Plumas County citizens affected by the cannabis moratorium are stuck in a stalemate between enforcement of the no-grow ordinance and participating in what is now classified as an illegal activity. Many citizens want to know what the county is going to do about it.
At the recent Plumas County Board of Supervisors’ meeting Jan. 16, board members commented on an influx of correspondence they were receiving from disgruntled citizens who demanded action on people growing cannabis in the county.
A temporary county ordinance, established in November, bans all cannabis grows except for the six plant per residence allotment permitted by the passage of Prop. 64. The purpose of the temporary ordinance was to establish the county’s position on cannabis growth in order to inform the state to not issue growth permits to county citizens.

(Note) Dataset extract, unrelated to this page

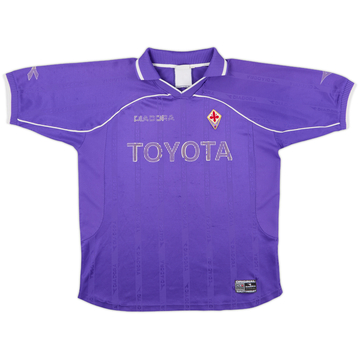 2000-01 Fiorentina Home Shirt - 5/10 - (XL)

The ordinance can be in effect up to two years, and during that time, a draft permanent ordinance is making its way through county departments. Currently, the ordinance is being reviewed by the planning commission for zoning regulations, after which it will be sent to the board of supervisors for review.
In the meantime, citizens want to know why their neighbors’ grows haven’t been halted by the county. The simple answer is, there is no code enforcement officer to do the job.

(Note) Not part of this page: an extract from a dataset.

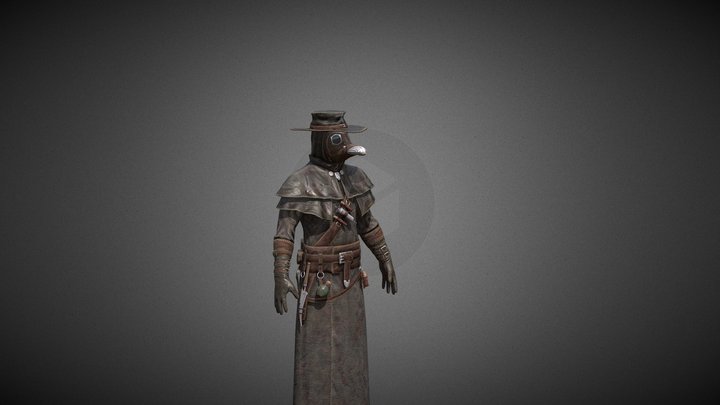 Doctor Plague 3D Model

District 4 Supervisor Lori Simpson said in an interview that the code enforcement officer position has been empty for over a year. During that time, the county has initiated the process of updating the job description for the position. However, updating a job description also takes permission from the labor union, which slows the process. Simpson said there is currently a list of applicants for the position.
However, the code enforcement officer will have a big job for just one person. Simpson said she anticipates the occasional need for sheriff’s deputies to assist in the enforcement.
“The ideal situation would be to have the level of enforcement we need, and if we need additional help we can get deputies,” said Simpson.
The roles of county departments in enforcement, and who is going to enforce the moratorium is still undecided. Simpson said the board will be discussing it at their next meeting on Feb. 9.
“I am not sure what the plan is,” said Simpson. “I want to hear more of where we are at from staff and county counsel.”